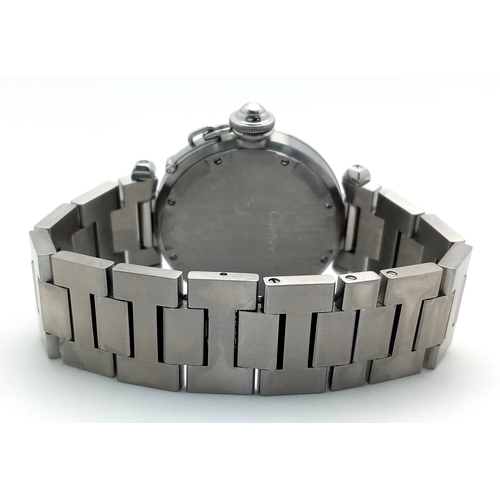 10 - A Pasha de Cartier Automatic Diamond Ladies Watch. Stainless steel bracelet and case - 36mm. Diamond... 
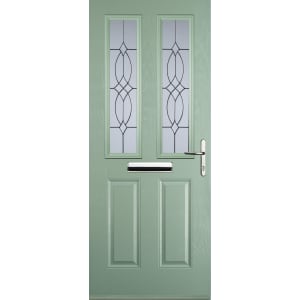 Image of Euramax 2 Panel 2 Square Left Hand Chartwell Green Composite Door - 920 x 2100mm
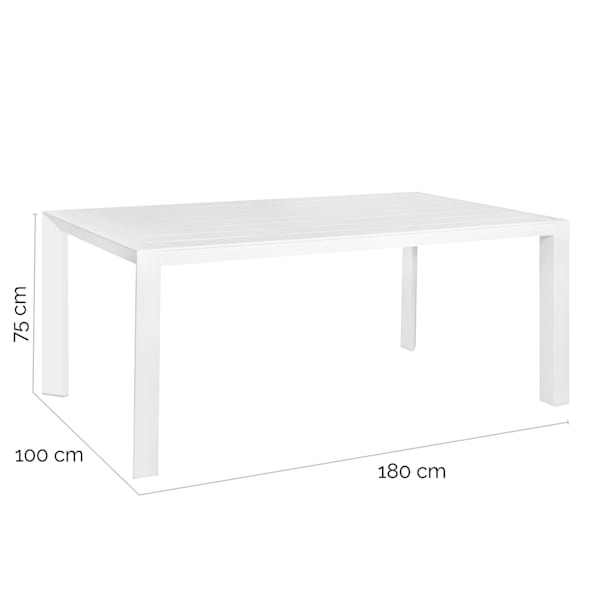 Mesa de Jardín IO de Aluminio Blanco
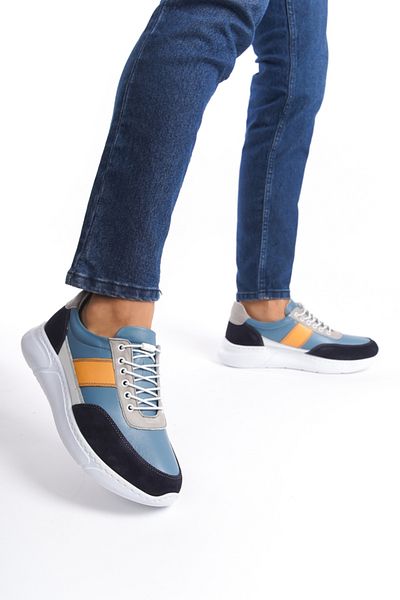 Mubiano Pantofi sport și pantofi sport din piele naturală pentru bărbați, albastru denim -mbknt-ktm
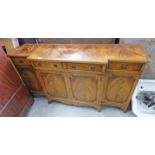 20TH CENTURY MAHOGANY SIDE CABINET WITH 4 DRAWERS OVER PANEL DOORS WITH BOXWOOD INLAY.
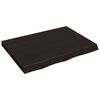 vidaXL v&aelig;ghylde 80x60x(2-6) cm behandlet massivt egetr&aelig; m&oslash;rkebrun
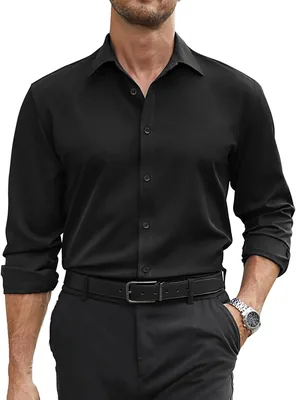 COOFANDY Stretch Dress Shirt Long Sleeve Button Down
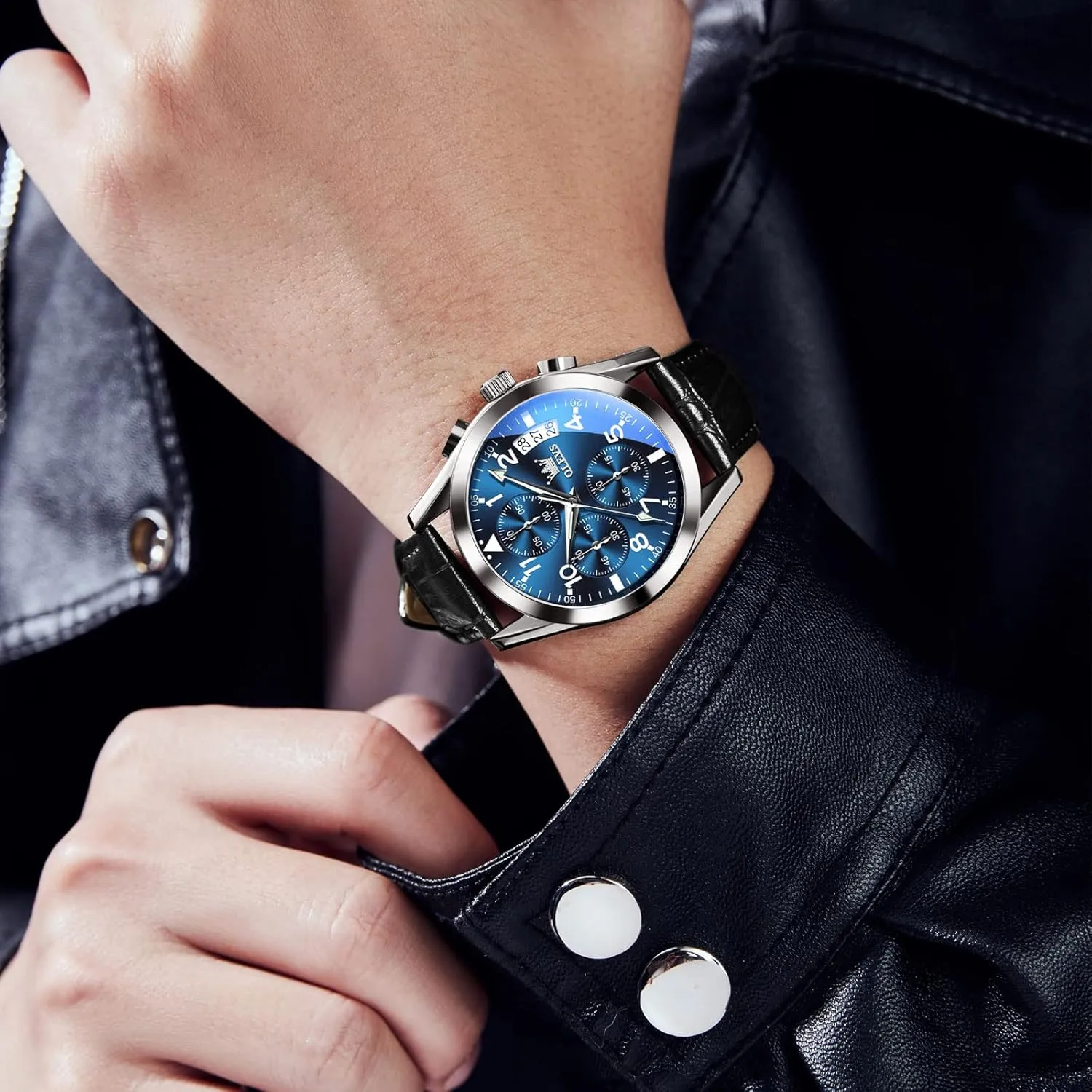 with Blue/Black/Brown/White Dial OLEVS Leather Chronograph Watch Men - Leather Strap curve bias (Brown/Black), Work Luminous Waterproof Analog Quartz Dress Wrist Watch 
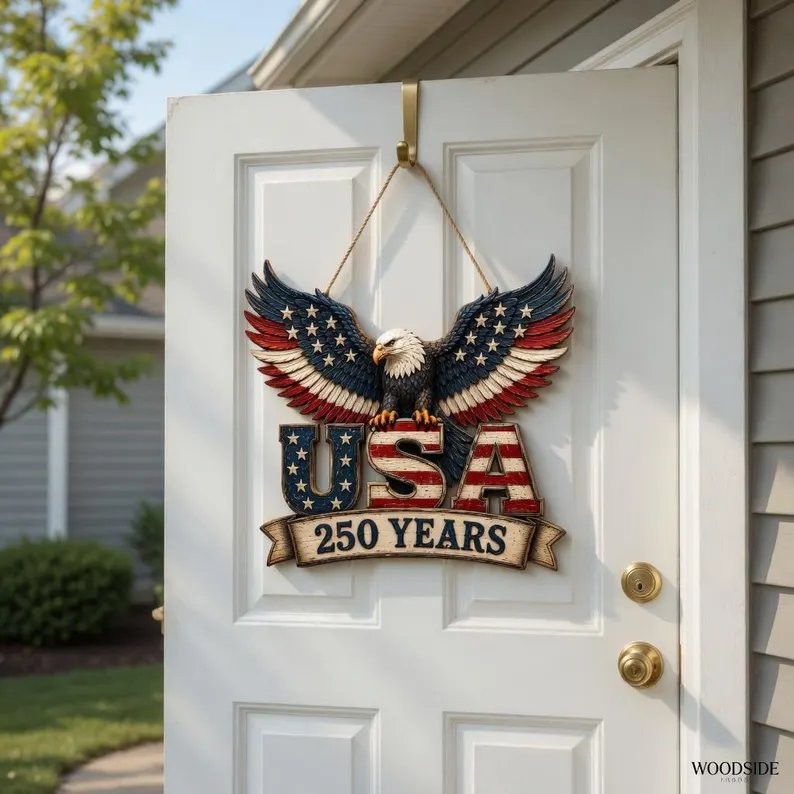 America 250th Anniversary Eagle Decor, Patriotic Wooden Door Hanger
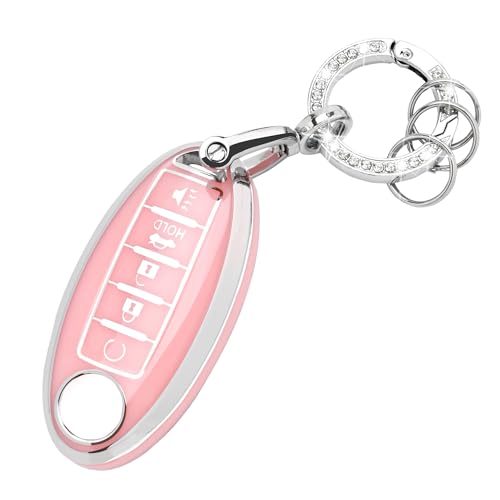 TECARATE Key Fob Cover with Keychain - 5 Buttons Soft TPU Full Covers Protection Key Case Fit for Rogue Altima Sentra GTR Frontier Maxima Titan Murano Kicks Juke Versa Armada Pathfinder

■ ■ ■ ■ ■

#### [DIRECTIONS FOR THIS TASK]
All lines from the line with "Mesa de Jardín IO de Aluminio Blanco" through the final line of the listing are to be printed exactly, both ends included; the pictures are not.

#### [ANSWER TO THIS EXERCISE]
 Mesa de Jardín IO de Aluminio Blanco
 Mubiano Pantofi sport și pantofi sport din piele naturală pentru bărbați, albastru denim -mbknt-ktm
 20TH CENTURY MAHOGANY SIDE CABINET WITH 4 DRAWERS OVER PANEL DOORS WITH BOXWOOD INLAY.
 vidaXL v&aelig;ghylde 80x60x(2-6) cm behandlet massivt egetr&aelig; m&oslash;rkebrun
 COOFANDY Stretch Dress Shirt Long Sleeve Button Down
 with Blue/Black/Brown/White Dial OLEVS Leather Chronograph Watch Men - Leather Strap curve bias (Brown/Black), Work Luminous Waterproof Analog Quartz Dress Wrist Watch 
 America 250th Anniversary Eagle Decor, Patriotic Wooden Door Hanger
 TECARATE Key Fob Cover with Keychain - 5 Buttons Soft TPU Full Covers Protection Key Case Fit for Rogue Altima Sentra GTR Frontier Maxima Titan Murano Kicks Juke Versa Armada Pathfinder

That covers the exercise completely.